> **What this task involves**:
Give the data below again exactly as written, but without the pictures.

> **Dataset section**:
━━━

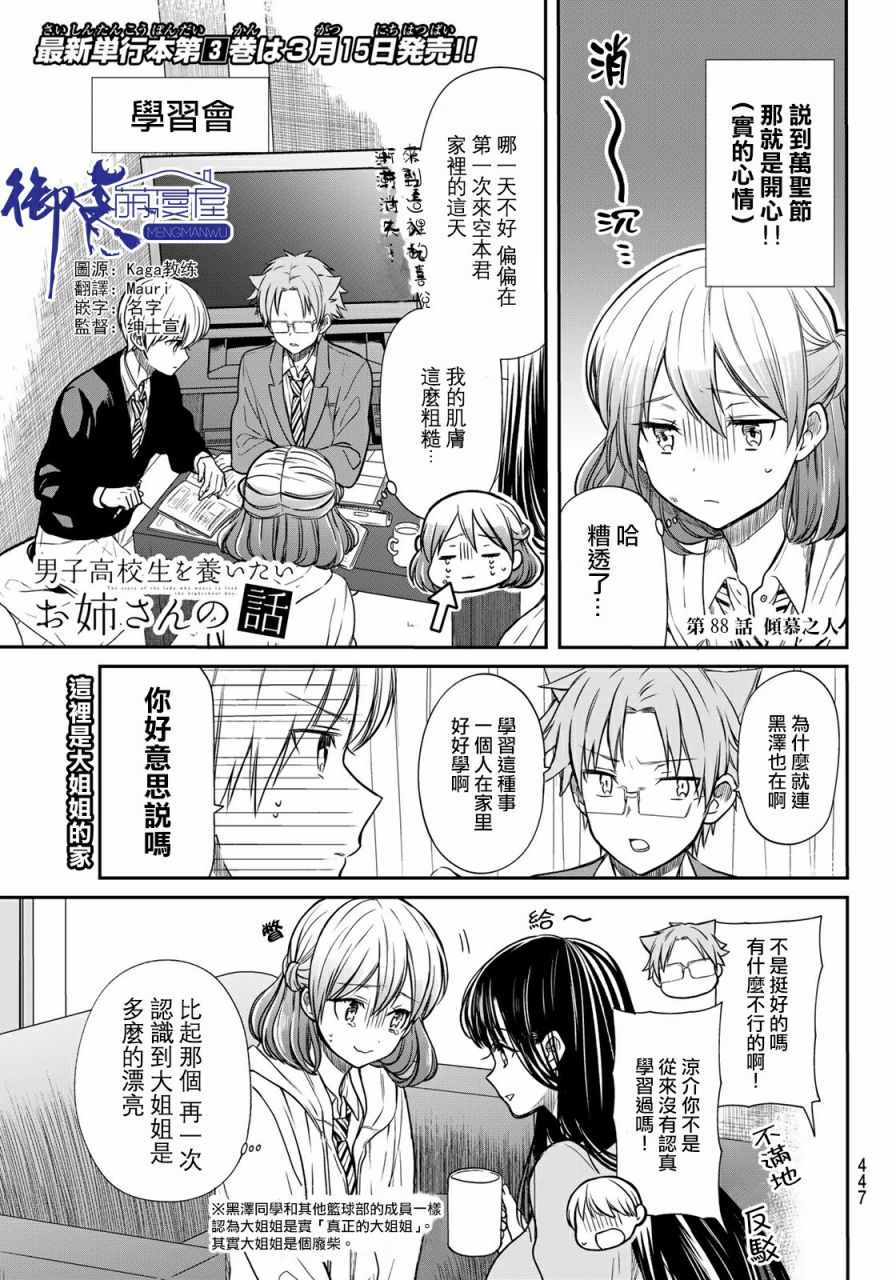 第88话倾慕之人0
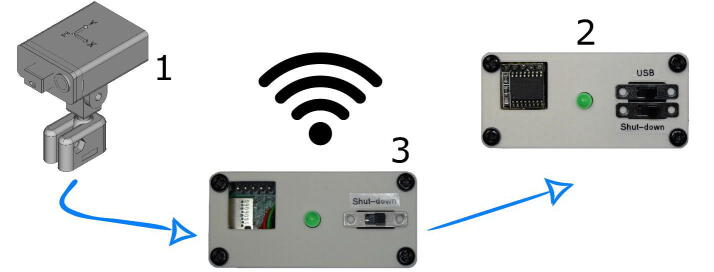 Fig. 1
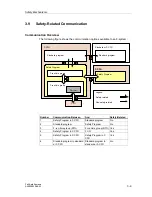 Предварительный просмотр 65 страницы Siemens SIMATIC S7 F Manual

━━━

> **Answer for this exercise**:
 第88话倾慕之人0
 Fig. 1
 Предварительный просмотр 65 страницы Siemens SIMATIC S7 F Manual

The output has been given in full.